> **Assignment**
Check every line in the listing below for "root". Copy the ones where it occurs.

> **Material shown**
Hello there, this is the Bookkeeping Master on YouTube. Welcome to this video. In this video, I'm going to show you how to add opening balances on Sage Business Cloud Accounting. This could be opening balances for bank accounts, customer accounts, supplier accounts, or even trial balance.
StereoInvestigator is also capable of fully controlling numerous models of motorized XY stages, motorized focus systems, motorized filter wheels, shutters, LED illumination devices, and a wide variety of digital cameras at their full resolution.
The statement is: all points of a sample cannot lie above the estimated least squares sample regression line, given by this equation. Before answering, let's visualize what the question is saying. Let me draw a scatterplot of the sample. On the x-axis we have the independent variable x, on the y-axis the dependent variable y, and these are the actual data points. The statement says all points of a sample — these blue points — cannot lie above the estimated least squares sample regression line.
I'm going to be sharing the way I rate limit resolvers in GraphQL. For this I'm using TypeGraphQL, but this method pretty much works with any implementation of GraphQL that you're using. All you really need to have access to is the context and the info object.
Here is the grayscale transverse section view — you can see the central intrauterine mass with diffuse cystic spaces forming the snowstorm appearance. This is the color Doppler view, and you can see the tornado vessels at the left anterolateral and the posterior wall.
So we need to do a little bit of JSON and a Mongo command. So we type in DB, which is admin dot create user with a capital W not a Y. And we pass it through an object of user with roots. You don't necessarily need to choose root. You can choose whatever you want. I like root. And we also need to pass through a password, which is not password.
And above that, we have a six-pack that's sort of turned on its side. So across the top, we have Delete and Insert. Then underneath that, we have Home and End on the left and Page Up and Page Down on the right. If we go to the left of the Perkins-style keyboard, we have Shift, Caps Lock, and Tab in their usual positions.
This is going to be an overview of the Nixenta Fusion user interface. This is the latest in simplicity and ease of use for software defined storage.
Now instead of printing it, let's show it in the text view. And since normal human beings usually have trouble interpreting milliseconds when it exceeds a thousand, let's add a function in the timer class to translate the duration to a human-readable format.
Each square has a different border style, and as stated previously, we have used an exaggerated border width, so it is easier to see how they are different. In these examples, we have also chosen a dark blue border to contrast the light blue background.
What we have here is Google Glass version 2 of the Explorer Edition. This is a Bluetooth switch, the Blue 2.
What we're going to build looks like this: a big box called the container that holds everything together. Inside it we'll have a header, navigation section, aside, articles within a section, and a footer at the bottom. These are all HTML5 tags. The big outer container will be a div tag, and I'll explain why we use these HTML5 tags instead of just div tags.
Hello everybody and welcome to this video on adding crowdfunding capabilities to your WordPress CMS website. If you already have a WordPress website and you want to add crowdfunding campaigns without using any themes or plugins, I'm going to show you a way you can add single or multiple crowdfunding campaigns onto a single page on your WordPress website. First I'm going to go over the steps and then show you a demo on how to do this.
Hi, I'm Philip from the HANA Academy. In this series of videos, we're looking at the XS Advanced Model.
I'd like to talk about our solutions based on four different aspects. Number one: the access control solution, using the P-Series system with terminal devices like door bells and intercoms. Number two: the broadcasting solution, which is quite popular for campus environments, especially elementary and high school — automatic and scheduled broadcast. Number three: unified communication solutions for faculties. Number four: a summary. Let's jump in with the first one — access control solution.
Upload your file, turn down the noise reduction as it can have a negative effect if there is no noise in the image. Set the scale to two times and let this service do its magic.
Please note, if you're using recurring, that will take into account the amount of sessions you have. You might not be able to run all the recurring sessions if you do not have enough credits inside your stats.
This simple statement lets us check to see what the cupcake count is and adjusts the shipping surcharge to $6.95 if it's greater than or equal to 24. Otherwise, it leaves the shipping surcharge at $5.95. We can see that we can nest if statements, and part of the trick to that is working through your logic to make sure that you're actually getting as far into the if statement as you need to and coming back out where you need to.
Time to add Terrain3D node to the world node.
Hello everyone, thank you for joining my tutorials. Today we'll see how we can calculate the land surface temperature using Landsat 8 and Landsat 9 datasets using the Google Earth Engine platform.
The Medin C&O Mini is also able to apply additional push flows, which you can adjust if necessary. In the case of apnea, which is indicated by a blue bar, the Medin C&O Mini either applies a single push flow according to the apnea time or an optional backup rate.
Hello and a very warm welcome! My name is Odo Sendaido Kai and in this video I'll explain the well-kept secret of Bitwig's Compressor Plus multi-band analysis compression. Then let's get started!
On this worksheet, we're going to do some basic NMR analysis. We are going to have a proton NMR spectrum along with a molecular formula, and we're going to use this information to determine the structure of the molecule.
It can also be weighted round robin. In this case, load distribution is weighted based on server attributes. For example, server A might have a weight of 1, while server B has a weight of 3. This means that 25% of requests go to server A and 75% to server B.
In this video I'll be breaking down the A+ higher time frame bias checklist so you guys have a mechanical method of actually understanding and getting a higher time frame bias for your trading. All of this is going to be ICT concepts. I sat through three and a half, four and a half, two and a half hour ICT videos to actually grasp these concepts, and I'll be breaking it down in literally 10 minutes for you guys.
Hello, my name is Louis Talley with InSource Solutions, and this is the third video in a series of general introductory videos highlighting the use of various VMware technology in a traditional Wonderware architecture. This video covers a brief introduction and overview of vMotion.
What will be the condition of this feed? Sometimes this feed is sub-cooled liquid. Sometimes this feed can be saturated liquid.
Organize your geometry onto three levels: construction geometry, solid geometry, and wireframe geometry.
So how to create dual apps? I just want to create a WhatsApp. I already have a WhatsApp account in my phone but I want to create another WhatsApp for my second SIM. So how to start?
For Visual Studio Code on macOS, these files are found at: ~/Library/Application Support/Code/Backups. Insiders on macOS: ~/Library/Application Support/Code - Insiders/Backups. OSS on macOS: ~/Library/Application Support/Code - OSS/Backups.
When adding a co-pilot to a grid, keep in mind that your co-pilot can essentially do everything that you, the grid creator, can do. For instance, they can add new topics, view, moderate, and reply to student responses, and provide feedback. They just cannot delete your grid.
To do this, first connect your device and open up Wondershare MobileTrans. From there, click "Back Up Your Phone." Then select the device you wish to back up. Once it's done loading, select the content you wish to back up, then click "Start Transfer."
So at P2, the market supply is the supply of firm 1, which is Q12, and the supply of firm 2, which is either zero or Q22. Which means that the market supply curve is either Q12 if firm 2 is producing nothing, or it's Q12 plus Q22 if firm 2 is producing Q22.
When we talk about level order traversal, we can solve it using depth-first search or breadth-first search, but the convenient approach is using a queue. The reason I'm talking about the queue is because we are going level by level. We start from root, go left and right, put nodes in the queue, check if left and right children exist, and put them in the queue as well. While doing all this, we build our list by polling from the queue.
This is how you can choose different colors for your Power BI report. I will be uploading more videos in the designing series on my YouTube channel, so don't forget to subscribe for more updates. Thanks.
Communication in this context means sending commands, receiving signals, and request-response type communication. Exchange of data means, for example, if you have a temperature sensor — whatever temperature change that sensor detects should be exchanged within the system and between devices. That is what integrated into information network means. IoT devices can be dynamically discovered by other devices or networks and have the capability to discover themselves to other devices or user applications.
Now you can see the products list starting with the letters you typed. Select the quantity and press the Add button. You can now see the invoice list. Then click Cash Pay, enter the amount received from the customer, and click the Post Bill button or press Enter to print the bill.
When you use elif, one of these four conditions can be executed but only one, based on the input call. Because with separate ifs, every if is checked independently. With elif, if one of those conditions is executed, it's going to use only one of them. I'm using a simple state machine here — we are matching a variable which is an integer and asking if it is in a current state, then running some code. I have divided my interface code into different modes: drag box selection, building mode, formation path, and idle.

> **Final answer**
So we need to do a little bit of JSON and a Mongo command. So we type in DB, which is admin dot create user with a capital W not a Y. And we pass it through an object of user with roots. You don't necessarily need to choose root. You can choose whatever you want. I like root. And we also need to pass through a password, which is not password.
When we talk about level order traversal, we can solve it using depth-first search or breadth-first search, but the convenient approach is using a queue. The reason I'm talking about the queue is because we are going level by level. We start from root, go left and right, put nodes in the queue, check if left and right children exist, and put them in the queue as well. While doing all this, we build our list by polling from the queue.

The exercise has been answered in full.